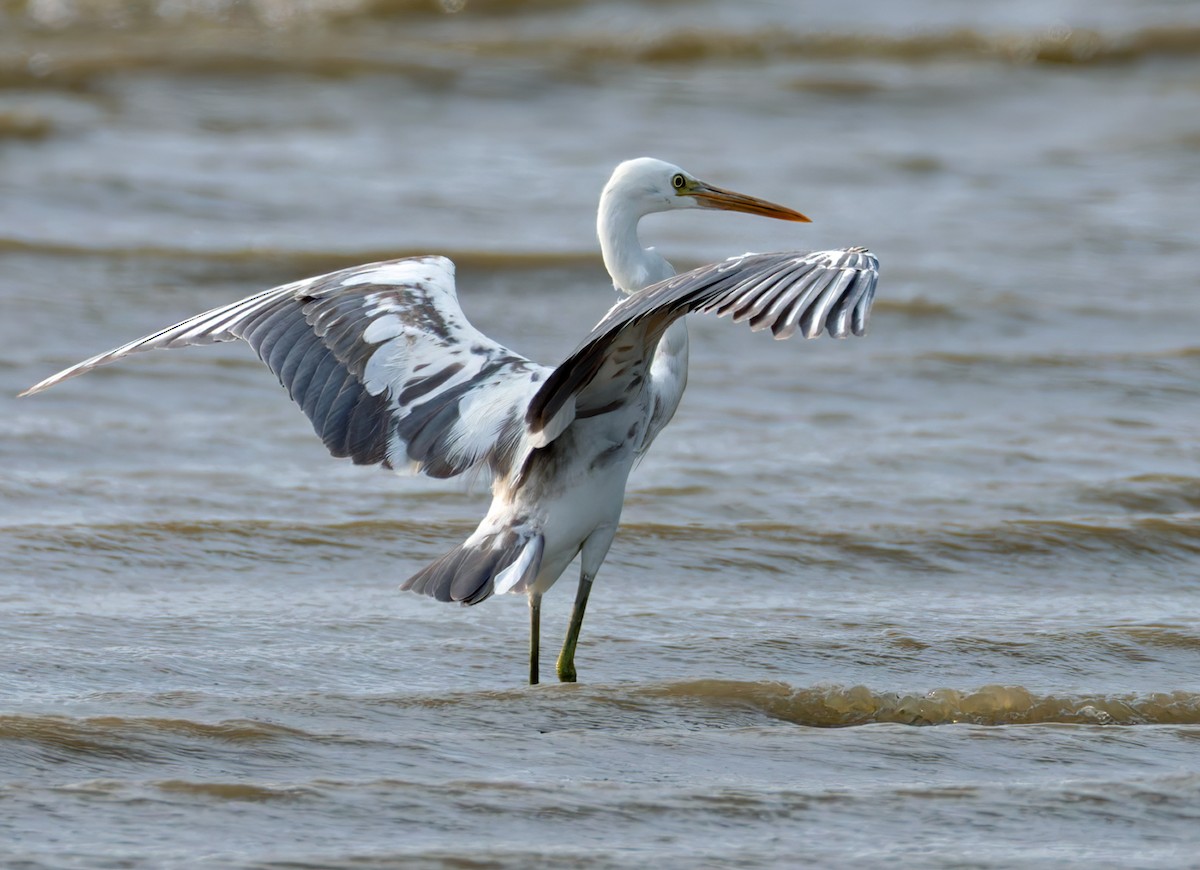 Western Reef-Heron (Eastern) - ML659023195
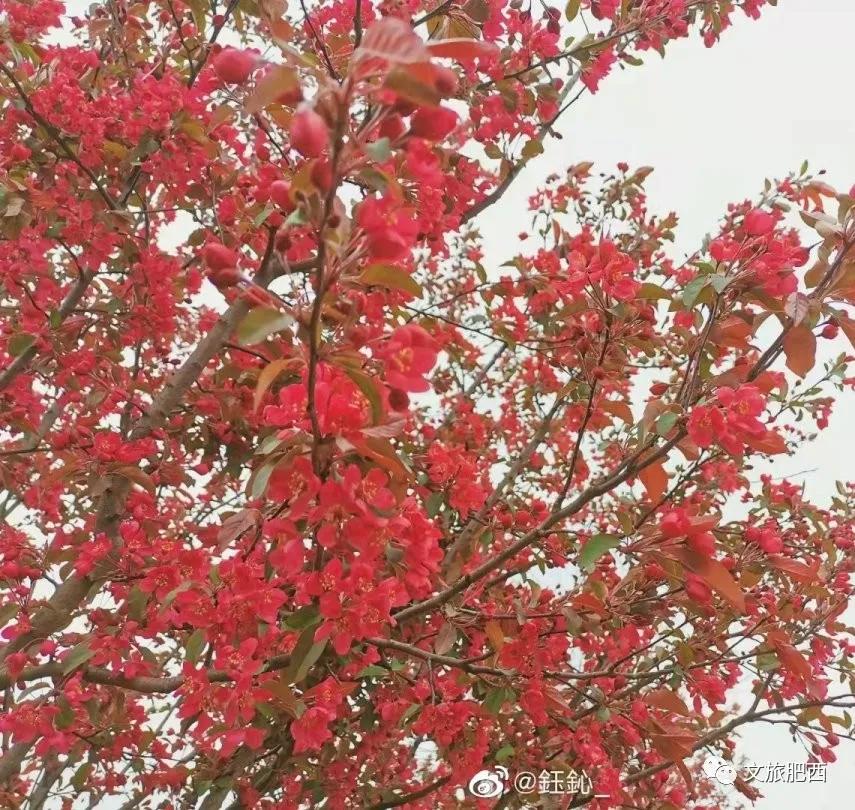 原来，在社交平台中，肥西的真实风景是这样的
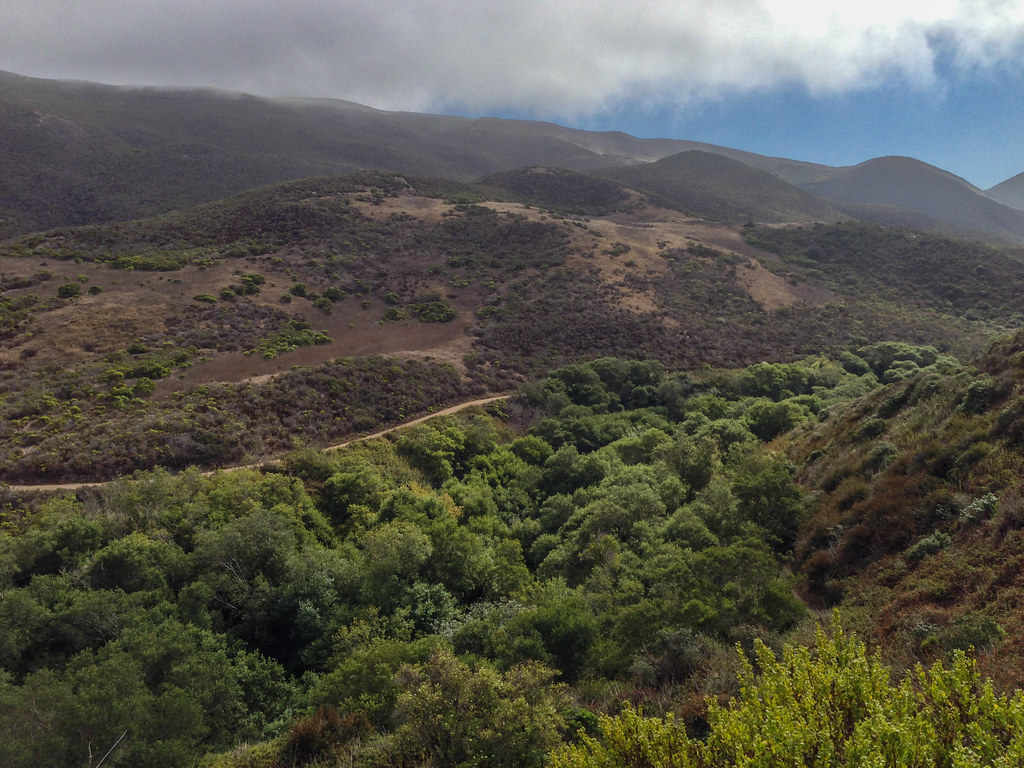 Islay Creek road on the north side of Islay creek from Res… Flickr
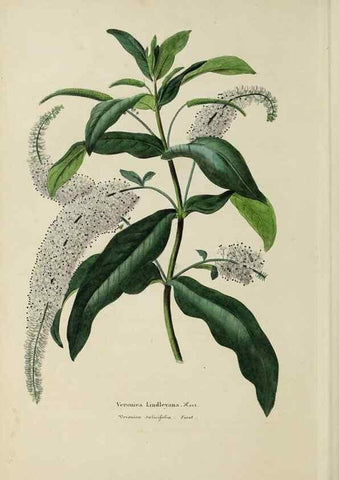 Reproducción/Reproduction 32227563947: Herbier General de l'Amateur.. Paris.. 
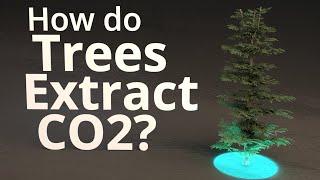 How Do Trees Extract CO2?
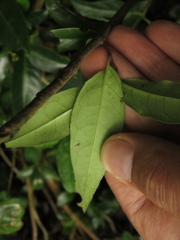 Prunus buxifolia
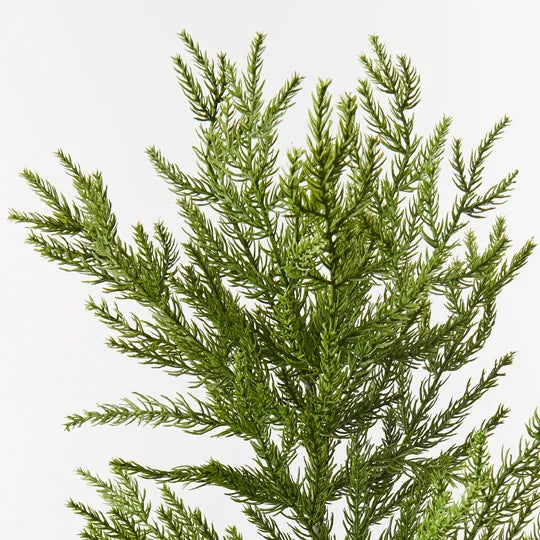 Pine Cypress Spray Green 104cm - Pack of 12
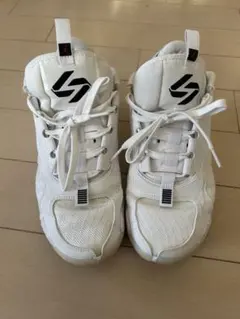 Jordan Luka2 조던 누가 2 27.5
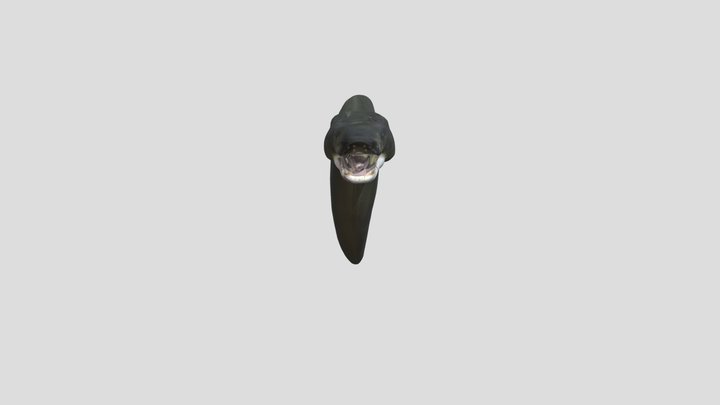 long eel with wiskers and sucker mouth fish 3D Model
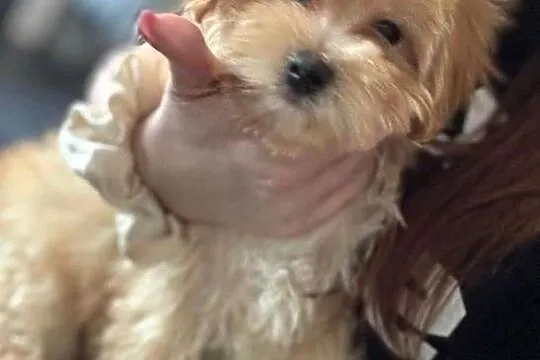 Maltipoo pudel maltanczyk, Śląskie, Rybnik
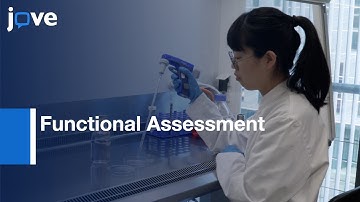 TGF-β-mediated Endothelial To Mesenchymal Transition- EndMT Effectors l Protocol Preview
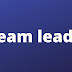 Team lead 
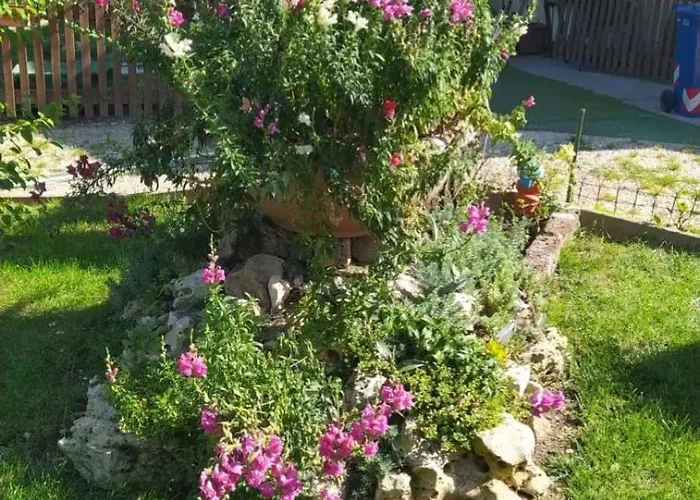 Casa Di Igor Kwatera prywatna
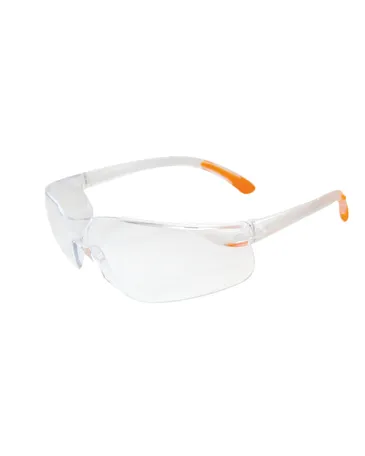 Veiligheidsbril Clear AS + AF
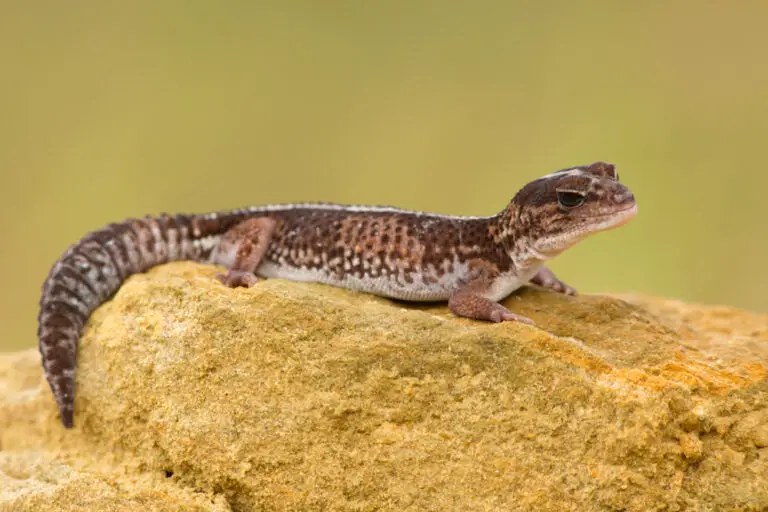 How Long Do Lizards Live? Guide For 2022 Own The Yard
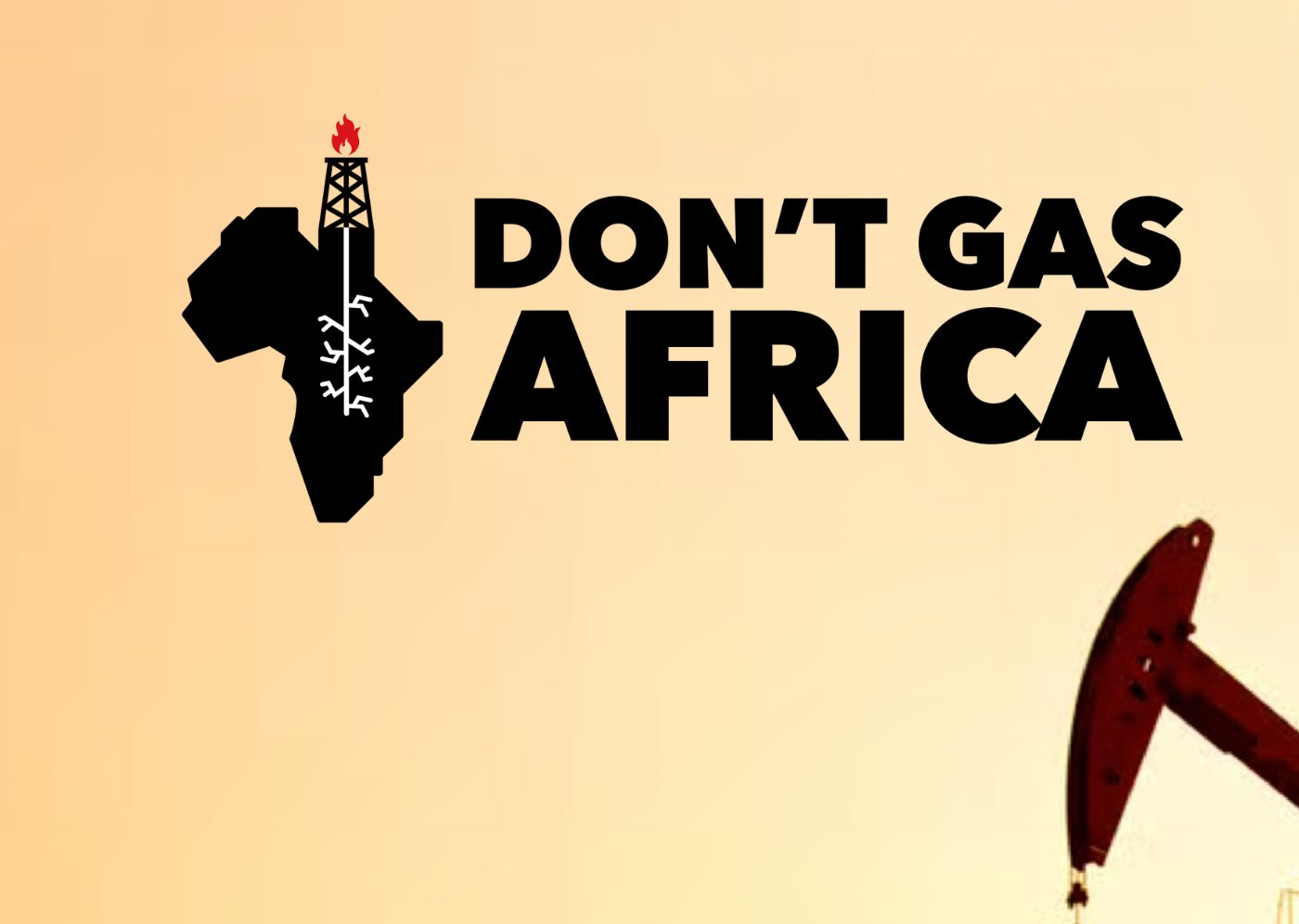 Don't Gas Africa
::::::::
*YOUR INSTRUCTIONS*
Please print all the lines above exactly as given and leave out every picture.

*EXERCISE RESULT*
 Western Reef-Heron (Eastern) - ML659023195
 原来，在社交平台中，肥西的真实风景是这样的
 Islay Creek road on the north side of Islay creek from Res… Flickr
 Reproducción/Reproduction 32227563947: Herbier General de l'Amateur.. Paris.. 
 How Do Trees Extract CO2?
 Prunus buxifolia
 Pine Cypress Spray Green 104cm - Pack of 12
 Jordan Luka2 조던 누가 2 27.5
 long eel with wiskers and sucker mouth fish 3D Model
 Maltipoo pudel maltanczyk, Śląskie, Rybnik
 TGF-β-mediated Endothelial To Mesenchymal Transition- EndMT Effectors l Protocol Preview
 Team lead 
 Casa Di Igor Kwatera prywatna
 Veiligheidsbril Clear AS + AF
 How Long Do Lizards Live? Guide For 2022 Own The Yard
 Don't Gas Africa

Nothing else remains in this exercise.